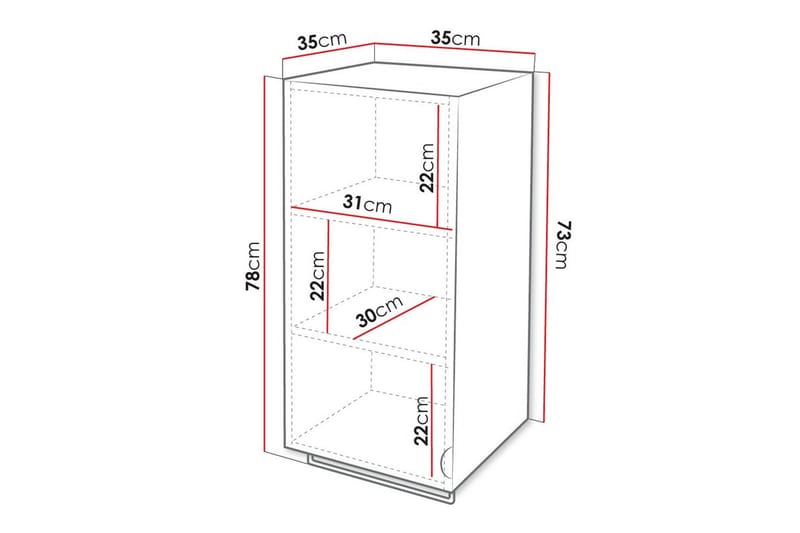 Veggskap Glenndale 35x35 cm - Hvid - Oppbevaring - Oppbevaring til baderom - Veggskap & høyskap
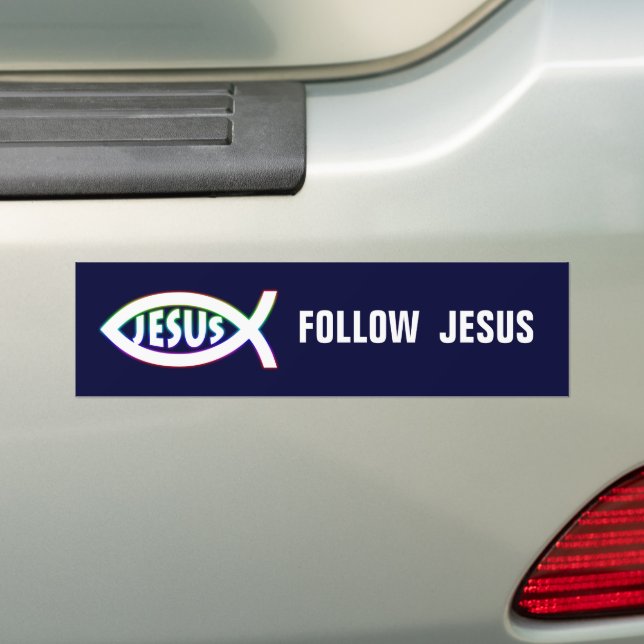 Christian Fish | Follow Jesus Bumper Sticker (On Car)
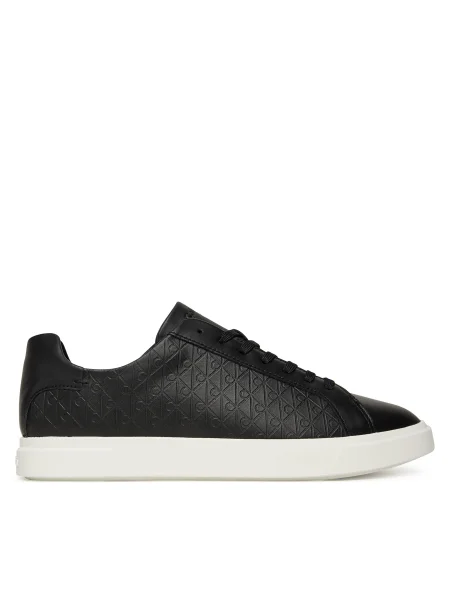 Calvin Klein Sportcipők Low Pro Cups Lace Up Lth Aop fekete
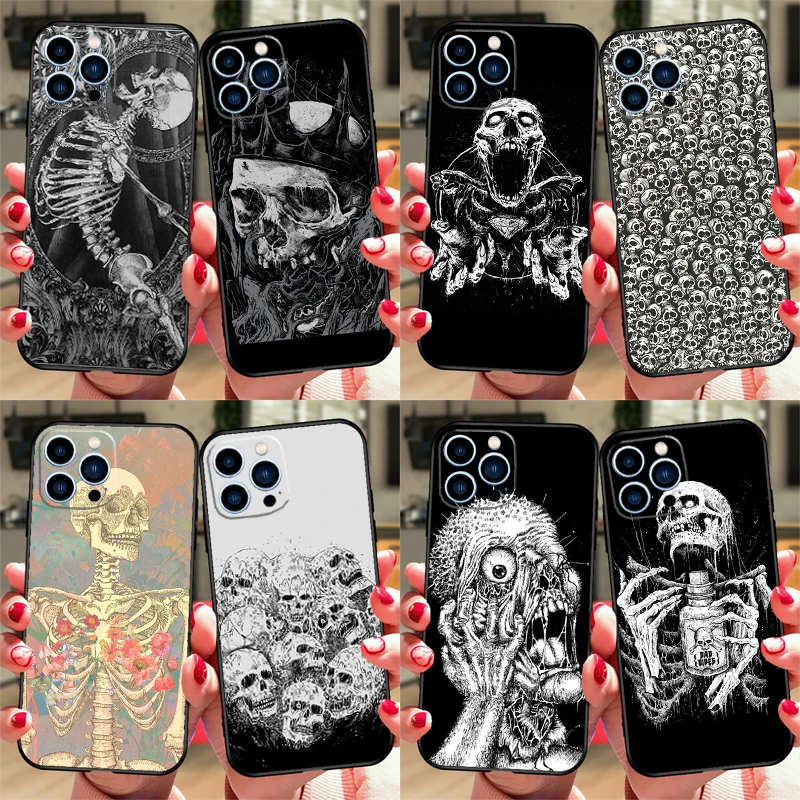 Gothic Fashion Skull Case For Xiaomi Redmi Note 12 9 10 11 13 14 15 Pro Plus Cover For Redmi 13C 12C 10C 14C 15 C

--

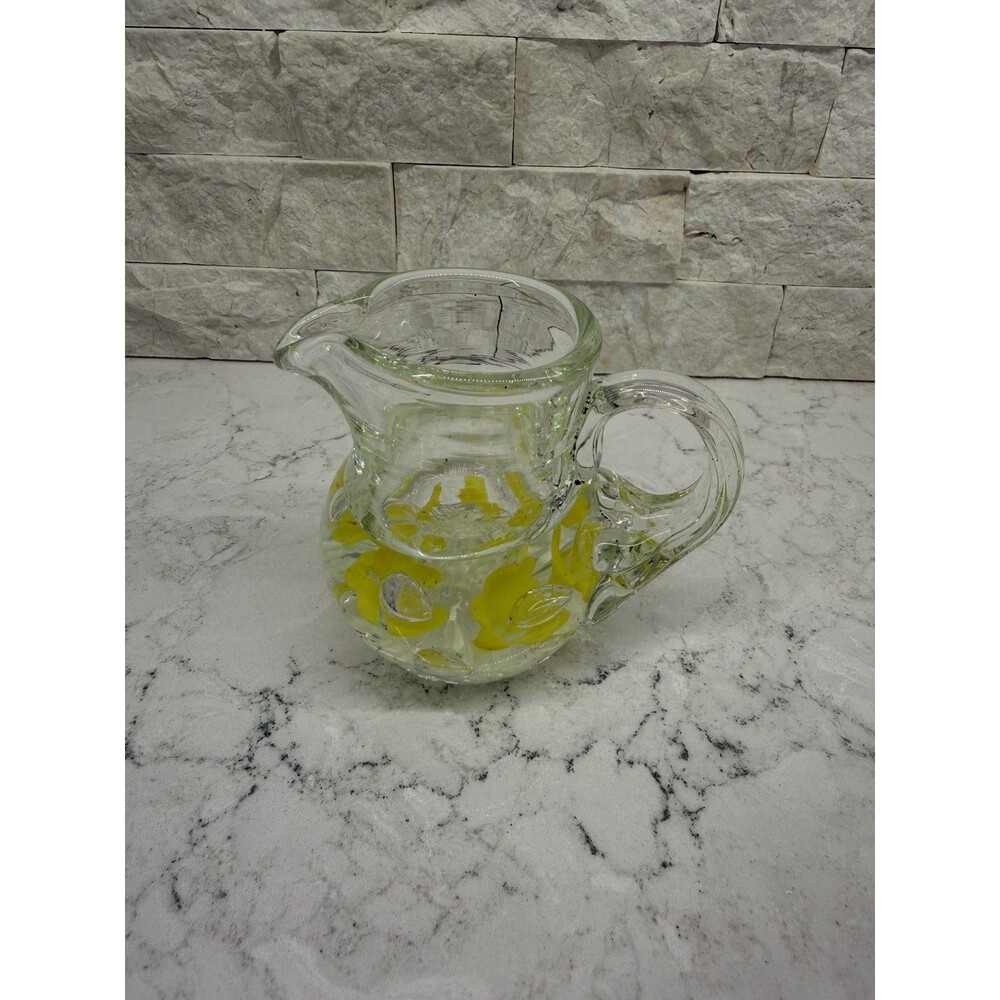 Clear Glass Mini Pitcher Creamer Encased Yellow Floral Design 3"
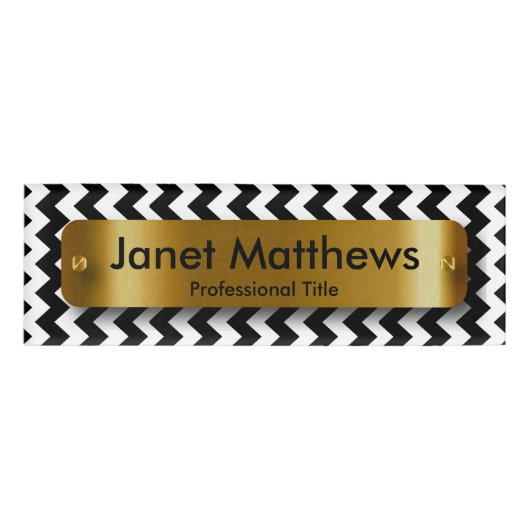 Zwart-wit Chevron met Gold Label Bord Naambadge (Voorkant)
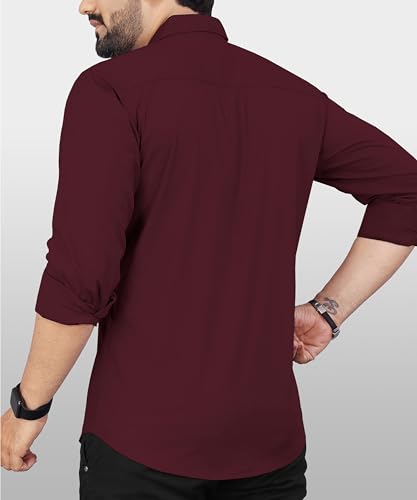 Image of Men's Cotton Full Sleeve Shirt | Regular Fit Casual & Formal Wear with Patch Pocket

§ Work to be completed: Copy nothing but the lines above that run from the one with "Veggskap Glenndale 35x35" to the one with "Gothic Fashion Skull", ends included; pictures stay out.

§ Answer below:
 Veggskap Glenndale 35x35 cm - Hvid - Oppbevaring - Oppbevaring til baderom - Veggskap & høyskap
 Christian Fish | Follow Jesus Bumper Sticker (On Car)
 Calvin Klein Sportcipők Low Pro Cups Lace Up Lth Aop fekete
 Gothic Fashion Skull Case For Xiaomi Redmi Note 12 9 10 11 13 14 15 Pro Plus Cover For Redmi 13C 12C 10C 14C 15 C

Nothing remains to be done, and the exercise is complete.